If identified, many issues can be addressed with medication or minor procedures prior to attempting pregnancy. This added step can go a long way toward mitigating miscarriage risk.
If a woman’s cervix has been damaged as a result of a previous pregnancy or surgery, it can be more prone to miscarriage.
Patients should ask their specialist to assess any risk factor. Sometimes a cervical stitch is all that is needed. Doctors should also make sure the womb is not abnormally-shaped as that too can increase miscarriage risk.
“One miscarriage is completely devastating. When it happens more than once, it can be unbearable,” said Dr. Temeka Zore, fertility specialist at RMA’s Los Angeles clinic. “While the cause of early miscarriages is usually due to chromosomal abnormalities, there are other causes that need to be assessed in recurrent pregnancy losses.”
RMA fertility specialists recommend women with recurrent miscarriages have specialized tests done to try to determine the cause and offer treatment.
In addition to a uterine cavity evaluation, testing for antiphospholipid antibody syndrome (an immune disorder associated with an increased risk of blood clots and pregnancy loss) would be done, along with basic endocrine testing to rule out diseases like Type 2 diabetes and thyroid or prolactin abnormalities.
Additionally, women and their partners are offered karyotype testing to assess whether either of them carries a chromosomal abnormality, such as a balanced translocation, that may increase their chance of miscarriage.
“We’re also focusing on the immune systems in women with RPL to determine whether immunological imbalances may be leading to losses,” added Dr. Zore.
Improving Pregnancy Outcomes
Ongoing advancements in the field of reproductive medicine—many of which have been driven by pioneering research conducted at RMA—have improved the accuracy and safety of genetic testing, diagnostic tools and treatments, resulting in improved pregnancy outcomes.
At this year’s annual American Society for Reproductive Medicine (ASRM) conference, attended by over 90 RMA doctors from around the world, RMA saw unprecedented success with 68 scientific abstracts accepted for presentation, 28 of which were selected as orals.

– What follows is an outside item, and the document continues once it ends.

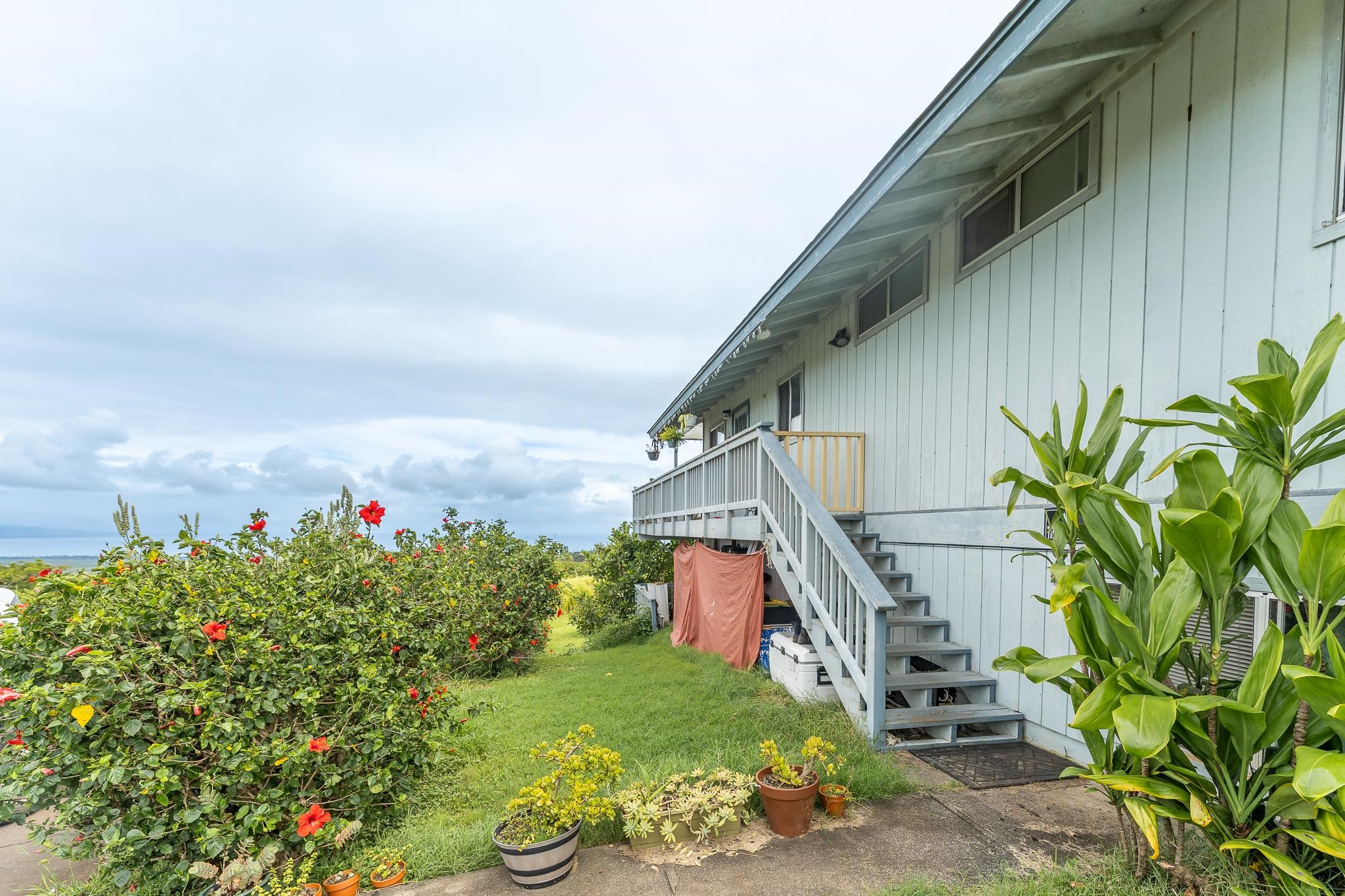843  Maikai St Haliimaile, Makawao/Olinda/Haliimaile home - photo 47 of 50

In addition to receiving several awards, IVIRMA Global won the top honor of the event: the prize paper for its research into extended embryo culture and the origins of aneuploidy.
Such RMA-driven research and resulting technologies, combined with the opportunity for closer supervision, are the primary benefits of IVF treatments at RMA for patients who want to mitigate miscarriage risk and increase chances for a successful pregnancy.